Python Memory Usage

Tue Jun 19 23:48:02 EDT 2007

I am using Python to process particle data from a physics simulation.
There are about 15 MB of data associated with each simulation, but
there are many simulations.  I read the data from each simulation into
Numpy arrays and do a simple calculation on them that involves a few
eigenvalues of small matricies and quite a number of temporary
arrays.  I had assumed that that generating lots of temporary arrays
would make my program run slowly, but I didn't think that it would
cause the program to consume all of the computer's memory, because I'm
only dealing with 10-20 MB at a time.

So, I have a function that reliably increases the virtual memory usage
by ~40 MB each time it's run.  I'm measuring memory usage by looking
at the VmSize and VmRSS lines in the /proc/[pid]/status file on an
Ubuntu (edgy) system.  This seems strange because I only have 15 MB of
data.

I started looking at the difference between what gc.get_objects()
returns before and after my function.  I expected to see zillions of
temporary Numpy arrays that I was somehow unintentionally maintaining
references to.  However, I found that only 27 additional objects  were
in the list that comes from get_objects(), and all of them look
small.  A few strings, a few small tuples, a few small dicts, and a
Frame object.

I also found a tool called heapy (http://guppy-pe.sourceforge.net/)
which seems to be able to give useful information about memory usage
in Python.  This seemed to confirm what I found from manual
inspection: only a few new objects are allocated by my function, and
they're small.

I found Evan Jones article about the Python 2.4 memory allocator never
freeing memory in certain circumstances:  http://evanjones.ca/python-memory.html.
This sounds a lot like what's happening to me.  However, his patch was
applied in Python 2.5 and I'm using Python 2.5.  Nevertheless, it
looks an awful lot like Python doesn't think it's holding on to the
memory, but doesn't give it back to the operating system, either.  Nor
does Python reuse the memory, since each successive call to my
function consumes an additional 40 MB.  This continues until finally
the VM usage is gigabytes and I get a MemoryException.

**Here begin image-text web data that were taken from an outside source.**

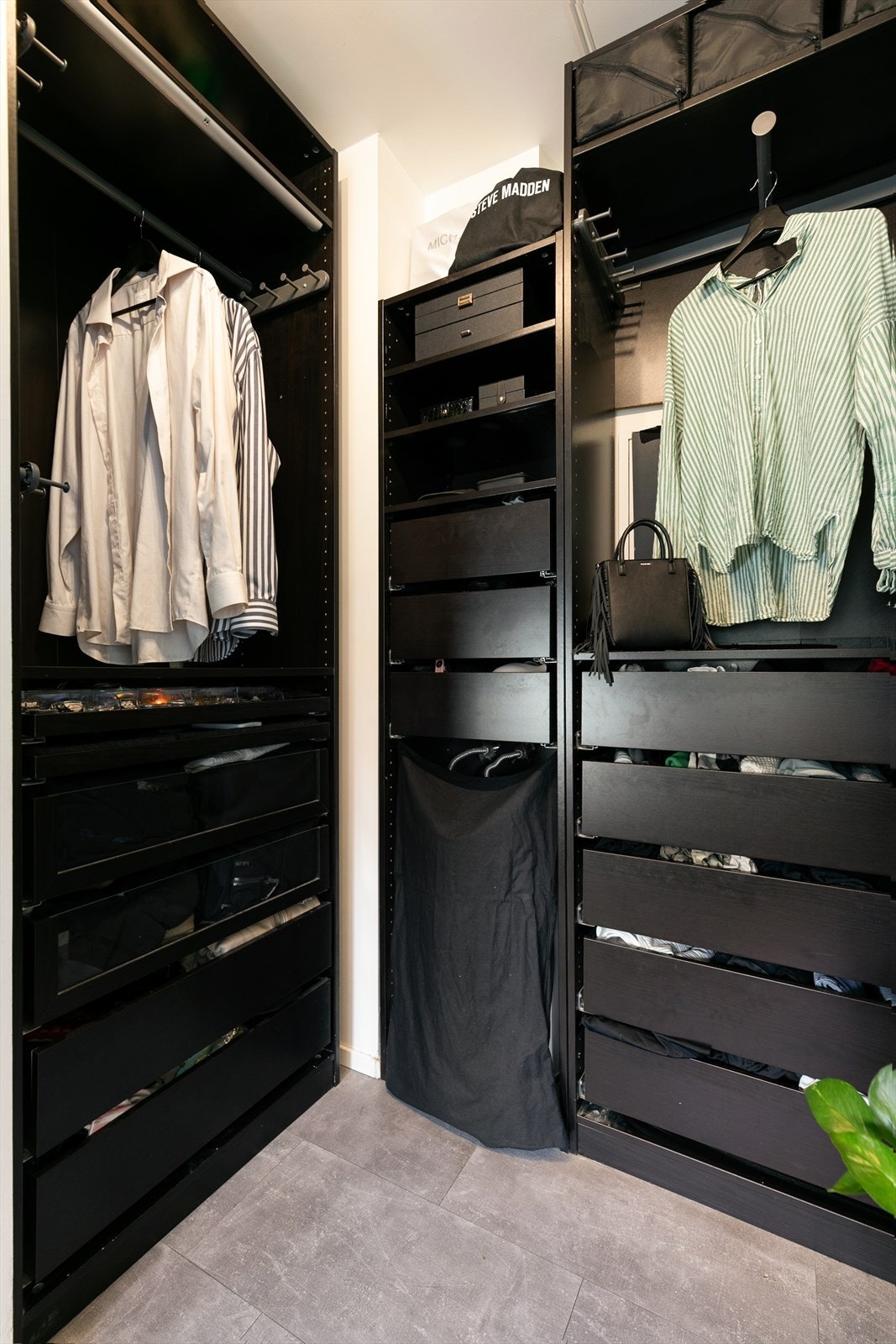 Garderobe. Galleribilde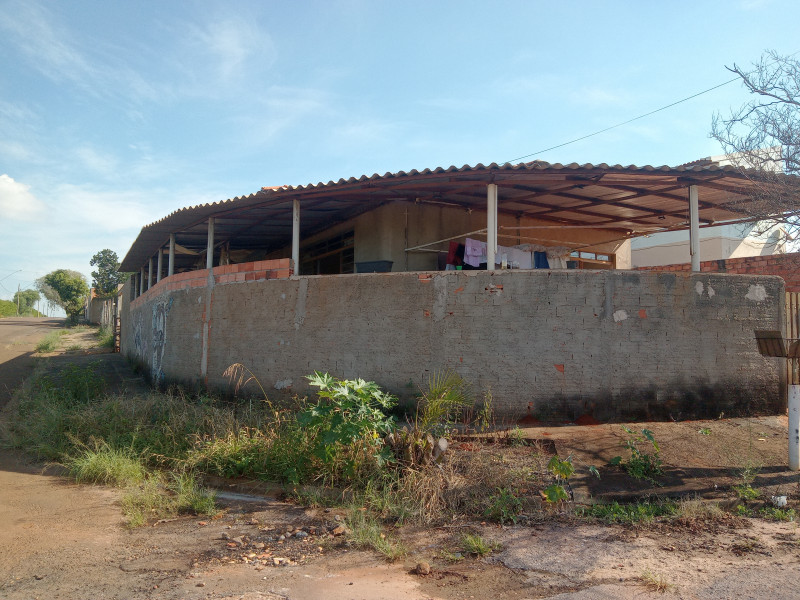 Casa à venda Residencial Astória com 360m² e 2 quartos por R$ 300.000 - 876250554-img-20230507-142627-639.jpg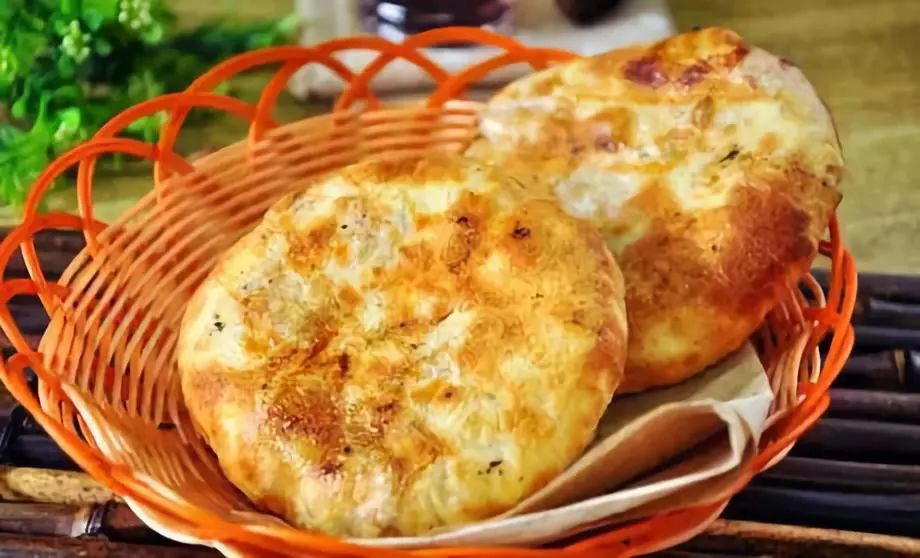 潍坊人热情好客 潍坊人爱吃肉火烧,朝天锅,和乐 还有…… 潍坊的盛会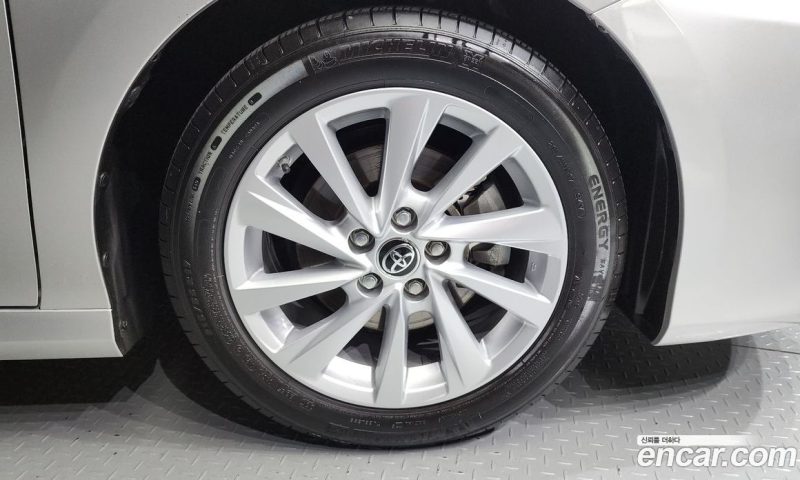Toyota Camry 2.5 LE Hybrid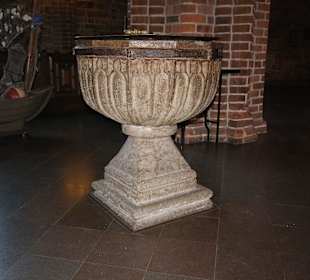 Taufe aus Gotländer Kalkstein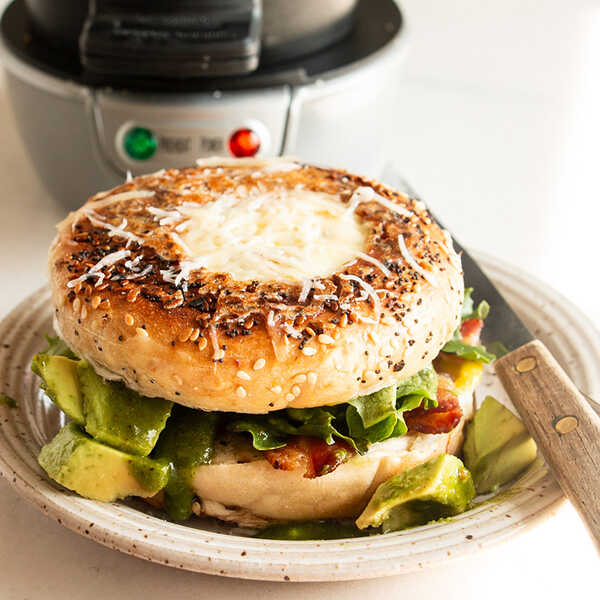 Recipe for Egg in a Bagel Breakfast Sandwich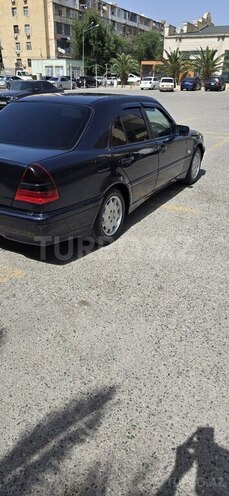 Mercedes C 220 d 2000, 428,500 km - 2.2 l - Bakı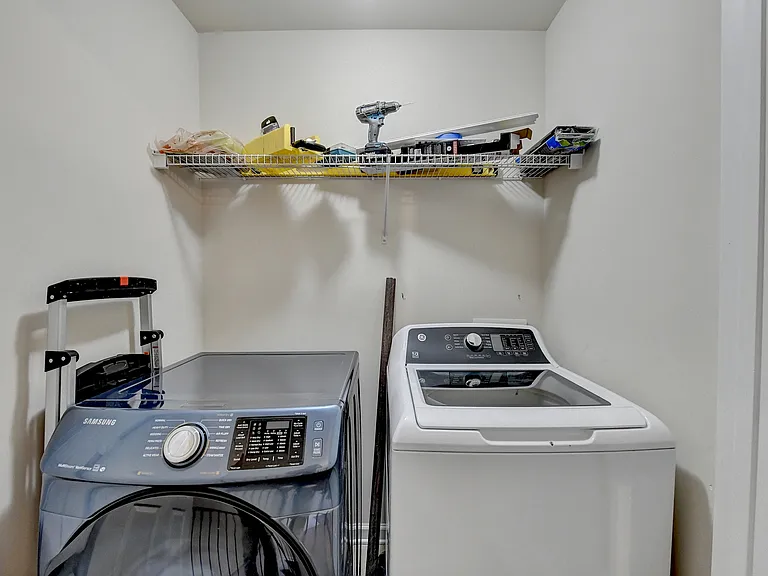 5204 Wellsley Bnd — Photo 34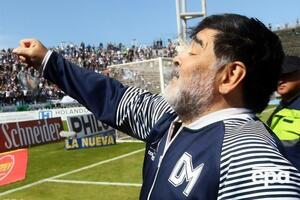 Марадона семь лет играл за "Наполи"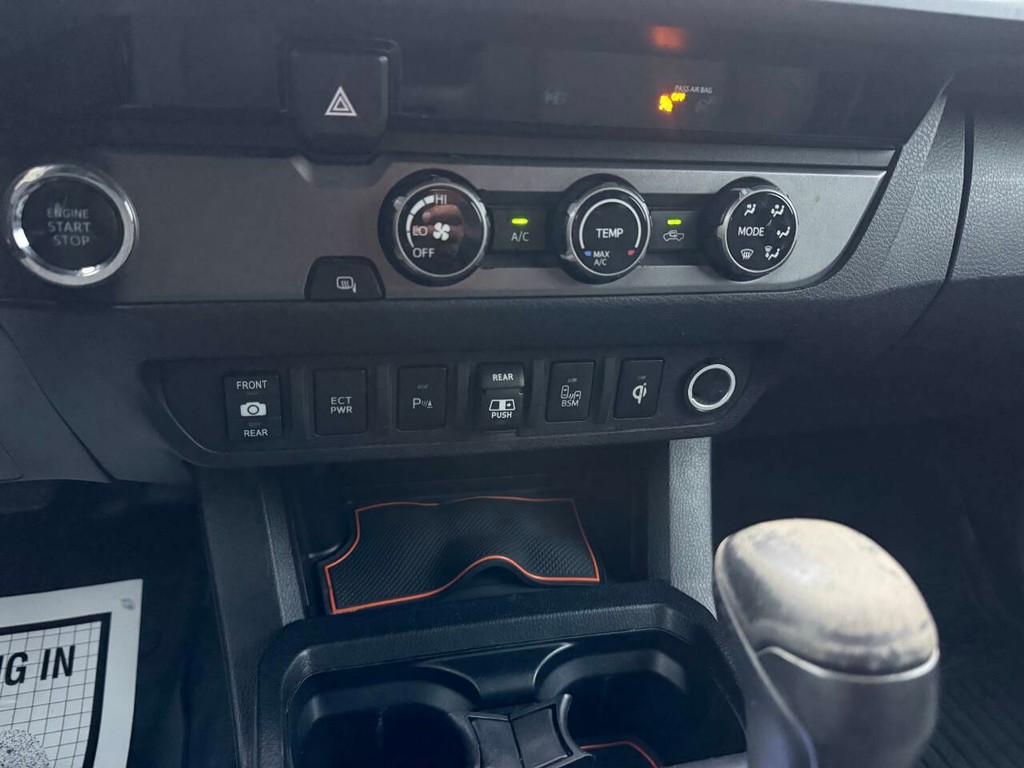 Toyota Tacoma Vehicle Full-screen Gallery Image 29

I'm using Python 2.5 on an Ubuntu edgy box, and numpy 1.0.3.  I'm also
using a few routines from scipy 0.5.2, but for this part of the code
it's just the eigenvalue routines.

It seems that the standard advice when someone has a bit of Python
code that progressively consumes all memory is to fork a process.  I
guess that's not the worst thing in the world, but it certainly is
annoying.  Given that others seem to have had this problem, is there a
slick package to do this?  I envision:
value = call_in_separate_process(my_func, my_args)

Suggestions about how to proceed are welcome.  Ideally I'd like to
know why this is going on and fix it.  Short of that workarounds that
are more clever than the "separate process" one are also welcome.

Thanks,
Greg